Checkpointing#
Checkpointing allows you to save and restore model states during training. Kithara supports saving checkpoints to local directories or Google Cloud Storage buckets.
Kithara checkpointing is fast β it uses Orbax to save checkpoints asynchronously and in a distributed manner.
Note
For efficiency, checkpoints are saved in a non-huggingface format.
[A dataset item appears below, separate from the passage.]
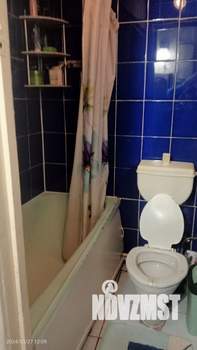 2-к квартира, на длительный срок, 45м2, 1/3 этаж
Use model.save_in_hf_format to save models in HuggingFace format.
Basic Usage#
During Training#
Provide the checkpointer arg to the Trainer class to save checkpoints during training.:
from Kithara import Checkpointer, Trainer
# Keeps the latest 5 checkpoints, saving one every 100 steps
checkpointer = Checkpointer("gs://...", save_interval_steps=100, max_to_keep=5)
trainer = Trainer(..., checkpointer=checkpointer)
trainer.train()
Restoring checkpoint after training::
# Initialize a random model
model = MaxTextModel.from_random(
model_name="gemma2-9b",
seq_len=4096,
per_device_batch_size=1,
precision="mixed_bfloat16",
)
# Restore from specific checkpoint
checkpointer = Checkpointer(
"gs://your_bucket/your_model_name/ckpt/20", # Step 20
model=model
)
checkpointer.load()
model.generate(...)
As Standalone Utility#
You can also use the Checkpointer as a standalone utility to save and load checkpoints outside of the Trainer class.
model = kithara.MaxTextModel.from_preset("hf://google/gemma2-2b")
# Attach the checkpointer to the model
checkpointer = Checkpointer("gs://...", model)
# Save checkpoint - checkpoints need to be numbered sequentially
checkpointer.save(0, blocking=True)
# Load latest checkpoint back to the model
checkpointer.load()